(Crawled caption data)
↓
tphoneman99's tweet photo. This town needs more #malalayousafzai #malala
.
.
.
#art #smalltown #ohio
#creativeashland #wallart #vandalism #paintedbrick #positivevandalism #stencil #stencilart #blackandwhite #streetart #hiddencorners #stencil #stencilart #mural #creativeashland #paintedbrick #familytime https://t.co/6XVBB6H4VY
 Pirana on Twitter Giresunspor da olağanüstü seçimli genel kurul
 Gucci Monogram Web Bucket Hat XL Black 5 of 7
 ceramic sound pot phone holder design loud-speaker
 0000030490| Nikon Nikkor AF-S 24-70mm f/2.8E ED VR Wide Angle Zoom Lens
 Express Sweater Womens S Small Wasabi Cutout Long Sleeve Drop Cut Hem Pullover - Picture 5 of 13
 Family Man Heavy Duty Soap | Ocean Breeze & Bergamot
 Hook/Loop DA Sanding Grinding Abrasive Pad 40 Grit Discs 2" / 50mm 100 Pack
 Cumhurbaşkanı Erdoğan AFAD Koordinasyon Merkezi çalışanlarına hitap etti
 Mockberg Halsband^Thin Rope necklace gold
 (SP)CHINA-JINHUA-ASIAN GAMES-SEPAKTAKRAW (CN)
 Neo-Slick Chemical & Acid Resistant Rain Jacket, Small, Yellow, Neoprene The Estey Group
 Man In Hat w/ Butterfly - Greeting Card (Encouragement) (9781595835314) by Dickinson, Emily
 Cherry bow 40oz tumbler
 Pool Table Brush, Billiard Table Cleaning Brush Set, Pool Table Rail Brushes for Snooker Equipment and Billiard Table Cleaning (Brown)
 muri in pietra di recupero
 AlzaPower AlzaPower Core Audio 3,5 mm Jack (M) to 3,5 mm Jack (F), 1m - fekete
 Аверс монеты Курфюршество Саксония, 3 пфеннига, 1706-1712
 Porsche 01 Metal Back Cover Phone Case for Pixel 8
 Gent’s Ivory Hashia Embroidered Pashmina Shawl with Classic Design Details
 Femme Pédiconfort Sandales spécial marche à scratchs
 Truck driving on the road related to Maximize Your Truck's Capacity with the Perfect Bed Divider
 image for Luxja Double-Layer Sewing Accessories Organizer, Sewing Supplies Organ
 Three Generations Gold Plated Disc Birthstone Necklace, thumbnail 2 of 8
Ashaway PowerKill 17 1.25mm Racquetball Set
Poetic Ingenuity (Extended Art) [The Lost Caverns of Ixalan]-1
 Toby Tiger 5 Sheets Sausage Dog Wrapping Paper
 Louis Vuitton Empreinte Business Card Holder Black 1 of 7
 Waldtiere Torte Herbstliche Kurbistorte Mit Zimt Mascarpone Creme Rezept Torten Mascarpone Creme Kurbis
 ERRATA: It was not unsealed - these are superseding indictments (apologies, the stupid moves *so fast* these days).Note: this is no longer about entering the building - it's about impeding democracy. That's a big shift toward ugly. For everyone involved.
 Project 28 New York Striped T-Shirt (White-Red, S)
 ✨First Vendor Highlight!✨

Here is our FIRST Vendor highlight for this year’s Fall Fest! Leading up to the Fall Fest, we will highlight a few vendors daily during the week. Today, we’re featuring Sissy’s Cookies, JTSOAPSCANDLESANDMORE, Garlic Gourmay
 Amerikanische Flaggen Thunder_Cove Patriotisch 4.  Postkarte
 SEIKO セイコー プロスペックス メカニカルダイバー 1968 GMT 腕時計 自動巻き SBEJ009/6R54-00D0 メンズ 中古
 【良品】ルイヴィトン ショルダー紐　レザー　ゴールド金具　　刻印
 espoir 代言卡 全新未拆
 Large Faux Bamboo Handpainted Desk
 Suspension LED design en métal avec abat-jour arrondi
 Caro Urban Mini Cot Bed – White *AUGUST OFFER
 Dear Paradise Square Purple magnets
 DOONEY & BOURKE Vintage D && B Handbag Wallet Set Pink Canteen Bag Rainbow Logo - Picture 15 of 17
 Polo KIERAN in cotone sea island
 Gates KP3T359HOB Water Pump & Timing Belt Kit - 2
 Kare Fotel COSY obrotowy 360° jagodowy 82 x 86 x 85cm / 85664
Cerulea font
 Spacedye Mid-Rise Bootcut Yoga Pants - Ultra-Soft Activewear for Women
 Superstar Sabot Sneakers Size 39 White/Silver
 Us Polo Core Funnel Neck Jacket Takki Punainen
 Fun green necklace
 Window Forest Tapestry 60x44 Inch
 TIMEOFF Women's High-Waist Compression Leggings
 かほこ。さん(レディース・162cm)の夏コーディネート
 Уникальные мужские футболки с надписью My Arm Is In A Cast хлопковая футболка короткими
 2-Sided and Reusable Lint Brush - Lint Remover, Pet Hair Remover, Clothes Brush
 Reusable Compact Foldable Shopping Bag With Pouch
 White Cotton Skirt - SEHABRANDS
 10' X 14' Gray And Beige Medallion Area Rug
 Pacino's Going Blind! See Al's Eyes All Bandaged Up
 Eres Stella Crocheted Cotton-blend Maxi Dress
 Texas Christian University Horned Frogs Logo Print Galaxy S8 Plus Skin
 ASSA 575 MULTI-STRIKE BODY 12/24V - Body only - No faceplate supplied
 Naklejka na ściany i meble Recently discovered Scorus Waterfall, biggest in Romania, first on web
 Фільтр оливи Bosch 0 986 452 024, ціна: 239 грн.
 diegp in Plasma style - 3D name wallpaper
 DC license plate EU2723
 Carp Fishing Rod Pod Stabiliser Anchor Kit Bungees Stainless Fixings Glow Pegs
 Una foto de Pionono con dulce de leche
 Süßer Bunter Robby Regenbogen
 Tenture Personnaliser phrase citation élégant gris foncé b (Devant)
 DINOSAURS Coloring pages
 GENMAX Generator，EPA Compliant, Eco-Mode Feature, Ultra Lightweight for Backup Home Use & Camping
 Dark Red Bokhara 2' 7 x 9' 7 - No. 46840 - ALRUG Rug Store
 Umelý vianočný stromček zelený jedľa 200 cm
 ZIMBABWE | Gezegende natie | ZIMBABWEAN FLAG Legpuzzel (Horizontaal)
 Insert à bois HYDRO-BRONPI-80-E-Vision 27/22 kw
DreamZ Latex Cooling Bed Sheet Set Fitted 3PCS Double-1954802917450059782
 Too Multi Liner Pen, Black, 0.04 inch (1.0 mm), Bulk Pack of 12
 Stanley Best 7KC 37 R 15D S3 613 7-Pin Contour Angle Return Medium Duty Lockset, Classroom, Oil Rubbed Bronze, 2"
↑
→ Task details: Set down all of the records shown above once more, exactly.

→ The completed task:
tphoneman99's tweet photo. This town needs more #malalayousafzai #malala
.
.
.
#art #smalltown #ohio
#creativeashland #wallart #vandalism #paintedbrick #positivevandalism #stencil #stencilart #blackandwhite #streetart #hiddencorners #stencil #stencilart #mural #creativeashland #paintedbrick #familytime https://t.co/6XVBB6H4VY
 Pirana on Twitter Giresunspor da olağanüstü seçimli genel kurul
 Gucci Monogram Web Bucket Hat XL Black 5 of 7
 ceramic sound pot phone holder design loud-speaker
 0000030490| Nikon Nikkor AF-S 24-70mm f/2.8E ED VR Wide Angle Zoom Lens
 Express Sweater Womens S Small Wasabi Cutout Long Sleeve Drop Cut Hem Pullover - Picture 5 of 13
 Family Man Heavy Duty Soap | Ocean Breeze & Bergamot
 Hook/Loop DA Sanding Grinding Abrasive Pad 40 Grit Discs 2" / 50mm 100 Pack
 Cumhurbaşkanı Erdoğan AFAD Koordinasyon Merkezi çalışanlarına hitap etti
 Mockberg Halsband^Thin Rope necklace gold
 (SP)CHINA-JINHUA-ASIAN GAMES-SEPAKTAKRAW (CN)
 Neo-Slick Chemical & Acid Resistant Rain Jacket, Small, Yellow, Neoprene The Estey Group
 Man In Hat w/ Butterfly - Greeting Card (Encouragement) (9781595835314) by Dickinson, Emily
 Cherry bow 40oz tumbler
 Pool Table Brush, Billiard Table Cleaning Brush Set, Pool Table Rail Brushes for Snooker Equipment and Billiard Table Cleaning (Brown)
 muri in pietra di recupero
 AlzaPower AlzaPower Core Audio 3,5 mm Jack (M) to 3,5 mm Jack (F), 1m - fekete
 Аверс монеты Курфюршество Саксония, 3 пфеннига, 1706-1712
 Porsche 01 Metal Back Cover Phone Case for Pixel 8
 Gent’s Ivory Hashia Embroidered Pashmina Shawl with Classic Design Details
 Femme Pédiconfort Sandales spécial marche à scratchs
 Truck driving on the road related to Maximize Your Truck's Capacity with the Perfect Bed Divider
 image for Luxja Double-Layer Sewing Accessories Organizer, Sewing Supplies Organ
 Three Generations Gold Plated Disc Birthstone Necklace, thumbnail 2 of 8
Ashaway PowerKill 17 1.25mm Racquetball Set
Poetic Ingenuity (Extended Art) [The Lost Caverns of Ixalan]-1
 Toby Tiger 5 Sheets Sausage Dog Wrapping Paper
 Louis Vuitton Empreinte Business Card Holder Black 1 of 7
 Waldtiere Torte Herbstliche Kurbistorte Mit Zimt Mascarpone Creme Rezept Torten Mascarpone Creme Kurbis
 ERRATA: It was not unsealed - these are superseding indictments (apologies, the stupid moves *so fast* these days).Note: this is no longer about entering the building - it's about impeding democracy. That's a big shift toward ugly. For everyone involved.
 Project 28 New York Striped T-Shirt (White-Red, S)
 ✨First Vendor Highlight!✨

Here is our FIRST Vendor highlight for this year’s Fall Fest! Leading up to the Fall Fest, we will highlight a few vendors daily during the week. Today, we’re featuring Sissy’s Cookies, JTSOAPSCANDLESANDMORE, Garlic Gourmay
 Amerikanische Flaggen Thunder_Cove Patriotisch 4.  Postkarte
 SEIKO セイコー プロスペックス メカニカルダイバー 1968 GMT 腕時計 自動巻き SBEJ009/6R54-00D0 メンズ 中古
 【良品】ルイヴィトン ショルダー紐　レザー　ゴールド金具　　刻印
 espoir 代言卡 全新未拆
 Large Faux Bamboo Handpainted Desk
 Suspension LED design en métal avec abat-jour arrondi
 Caro Urban Mini Cot Bed – White *AUGUST OFFER
 Dear Paradise Square Purple magnets
 DOONEY & BOURKE Vintage D && B Handbag Wallet Set Pink Canteen Bag Rainbow Logo - Picture 15 of 17
 Polo KIERAN in cotone sea island
 Gates KP3T359HOB Water Pump & Timing Belt Kit - 2
 Kare Fotel COSY obrotowy 360° jagodowy 82 x 86 x 85cm / 85664
Cerulea font
 Spacedye Mid-Rise Bootcut Yoga Pants - Ultra-Soft Activewear for Women
 Superstar Sabot Sneakers Size 39 White/Silver
 Us Polo Core Funnel Neck Jacket Takki Punainen
 Fun green necklace
 Window Forest Tapestry 60x44 Inch
 TIMEOFF Women's High-Waist Compression Leggings
 かほこ。さん(レディース・162cm)の夏コーディネート
 Уникальные мужские футболки с надписью My Arm Is In A Cast хлопковая футболка короткими
 2-Sided and Reusable Lint Brush - Lint Remover, Pet Hair Remover, Clothes Brush
 Reusable Compact Foldable Shopping Bag With Pouch
 White Cotton Skirt - SEHABRANDS
 10' X 14' Gray And Beige Medallion Area Rug
 Pacino's Going Blind! See Al's Eyes All Bandaged Up
 Eres Stella Crocheted Cotton-blend Maxi Dress
 Texas Christian University Horned Frogs Logo Print Galaxy S8 Plus Skin
 ASSA 575 MULTI-STRIKE BODY 12/24V - Body only - No faceplate supplied
 Naklejka na ściany i meble Recently discovered Scorus Waterfall, biggest in Romania, first on web
 Фільтр оливи Bosch 0 986 452 024, ціна: 239 грн.
 diegp in Plasma style - 3D name wallpaper
 DC license plate EU2723
 Carp Fishing Rod Pod Stabiliser Anchor Kit Bungees Stainless Fixings Glow Pegs
 Una foto de Pionono con dulce de leche
 Süßer Bunter Robby Regenbogen
 Tenture Personnaliser phrase citation élégant gris foncé b (Devant)
 DINOSAURS Coloring pages
 GENMAX Generator，EPA Compliant, Eco-Mode Feature, Ultra Lightweight for Backup Home Use & Camping
 Dark Red Bokhara 2' 7 x 9' 7 - No. 46840 - ALRUG Rug Store
 Umelý vianočný stromček zelený jedľa 200 cm
 ZIMBABWE | Gezegende natie | ZIMBABWEAN FLAG Legpuzzel (Horizontaal)
 Insert à bois HYDRO-BRONPI-80-E-Vision 27/22 kw
DreamZ Latex Cooling Bed Sheet Set Fitted 3PCS Double-1954802917450059782
 Too Multi Liner Pen, Black, 0.04 inch (1.0 mm), Bulk Pack of 12
 Stanley Best 7KC 37 R 15D S3 613 7-Pin Contour Angle Return Medium Duty Lockset, Classroom, Oil Rubbed Bronze, 2"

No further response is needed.